Often, $Q$ is given by latent heat:

$Q = mL$

So:

$\Delta S = \frac{mL}{T}$

This is a common AP context because it connects entropy to calorimetry ideas without requiring advanced math.

Worked examples (Second Law, engines, entropy)

Example 1: Engine work and efficiency from heat flows

A heat engine absorbs $Q_H = 1500\ \text{J}$ and exhausts $Q_C = 900\ \text{J}$ each cycle.

Net work output:

$W_{out} = Q_H - Q_C = 1500\ \text{J} - 900\ \text{J} = 600\ \text{J}$

Efficiency:

$e = \frac{W_{out}}{Q_H} = \frac{600\ \text{J}}{1500\ \text{J}} = 0.40$

Interpretation: $40\%$ of the absorbed heat becomes work; the rest must be dumped as waste heat, consistent with the Second Law.

Example 2: Carnot maximum efficiency

An engine operates between $T_H = 600\ \text{K}$ and $T_C = 300\ \text{K}$ . What is the maximum possible efficiency?

Use the Carnot limit:

$e_{Carnot} = 1 - \frac{T_C}{T_H} = 1 - \frac{300\ \text{K}}{600\ \text{K}} = 1 - 0.50 = 0.50$

So no engine between these two reservoirs can exceed $50\%$ efficiency.

Example 3: Entropy change for heat transfer between reservoirs

Heat $Q = 1000\ \text{J}$ flows from a reservoir at $T_H = 400\ \text{K}$ to one at $T_C = 300\ \text{K}$ .

Entropy change of hot reservoir:

$\Delta S_H = -\frac{Q}{T_H} = -\frac{1000\ \text{J}}{400\ \text{K}} = -2.5\ \text{J/K}$

Entropy change of cold reservoir:

$\Delta S_C = \frac{Q}{T_C} = \frac{1000\ \text{J}}{300\ \text{K}} \approx 3.33\ \text{J/K}$

Total:

$\Delta S_{univ} = \Delta S_H + \Delta S_C \approx (-2.5 + 3.33)\ \text{J/K} \approx 0.83\ \text{J/K}$

Because $\Delta S_{univ} > 0$ , the direction (hot to cold) is spontaneous.

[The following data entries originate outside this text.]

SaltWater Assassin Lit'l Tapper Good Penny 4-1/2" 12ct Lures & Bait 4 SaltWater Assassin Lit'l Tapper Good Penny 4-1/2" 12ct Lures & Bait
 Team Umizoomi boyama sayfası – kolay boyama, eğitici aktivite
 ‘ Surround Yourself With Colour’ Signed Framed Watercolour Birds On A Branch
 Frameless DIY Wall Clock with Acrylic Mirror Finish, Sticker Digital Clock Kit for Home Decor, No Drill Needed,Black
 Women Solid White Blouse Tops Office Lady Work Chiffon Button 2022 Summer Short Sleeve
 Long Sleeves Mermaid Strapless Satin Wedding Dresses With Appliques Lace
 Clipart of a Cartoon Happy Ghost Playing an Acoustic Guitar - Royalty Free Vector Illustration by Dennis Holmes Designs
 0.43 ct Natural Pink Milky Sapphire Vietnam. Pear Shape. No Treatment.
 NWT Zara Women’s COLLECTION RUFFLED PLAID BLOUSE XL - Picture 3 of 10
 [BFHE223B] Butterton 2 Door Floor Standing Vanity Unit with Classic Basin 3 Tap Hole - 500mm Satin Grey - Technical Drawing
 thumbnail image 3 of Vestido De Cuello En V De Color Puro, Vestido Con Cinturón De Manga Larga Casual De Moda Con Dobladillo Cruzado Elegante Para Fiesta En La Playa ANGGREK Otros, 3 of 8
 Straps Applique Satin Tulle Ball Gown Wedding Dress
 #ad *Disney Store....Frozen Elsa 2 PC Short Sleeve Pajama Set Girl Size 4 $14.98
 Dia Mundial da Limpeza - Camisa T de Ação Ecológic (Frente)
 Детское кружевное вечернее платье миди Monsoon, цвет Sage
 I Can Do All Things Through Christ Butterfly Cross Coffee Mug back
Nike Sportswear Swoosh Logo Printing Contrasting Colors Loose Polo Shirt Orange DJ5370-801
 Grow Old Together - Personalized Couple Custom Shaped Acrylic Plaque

What goes wrong: misconceptions about the Second Law and entropy

“The Second Law says energy is not conserved.” Incorrect. Energy is conserved (First Law). The Second Law restricts which energy transfers and conversions are naturally possible.
“Heat can never go from cold to hot.” It can, but not spontaneously. Refrigerators do it by using input work $W_{in}$ .
“Entropy means disorder, period.” “Disorder” can be a helpful story, but it’s vague and sometimes misleading. A more reliable AP-level idea is energy dispersal and the fact that systems naturally evolve toward macrostates with more accessible microstates.
Forgetting kelvins: Any formula involving temperature in thermodynamics (especially $e_{Carnot}$ and $\Delta S = \frac{Q}{T}$ ) requires absolute temperature.

Exam Focus

Typical question patterns:
- Heat engine diagrams: given $Q_H$ and $Q_C$ , find $W_{out}$ and $e$ ; or given $e$ and $Q_H$ , find $Q_C$ .
- Carnot limit questions: compare a real engine’s efficiency to $e_{Carnot}$ for the same $T_H$ and $T_C$ .
- Entropy sign reasoning: determine whether $\Delta S_{univ}$ is positive, zero, or negative for a described process (often heat flow or a cycle).
Common mistakes:
- Using Celsius in $e_{Carnot} = 1 - \frac{T_C}{T_H}$ or in $\Delta S = \frac{Q}{T}$ .
- Assuming $\Delta S_{sys}$ must always increase; the correct statement is $\Delta S_{univ} \ge 0$ (a system’s entropy can decrease if surroundings increase more).
- Treating efficiency as $\frac{Q_C}{Q_H}$ instead of $1 - \frac{Q_C}{Q_H}$ , or mixing up $Q_H$ (in) and $Q_C$ (out).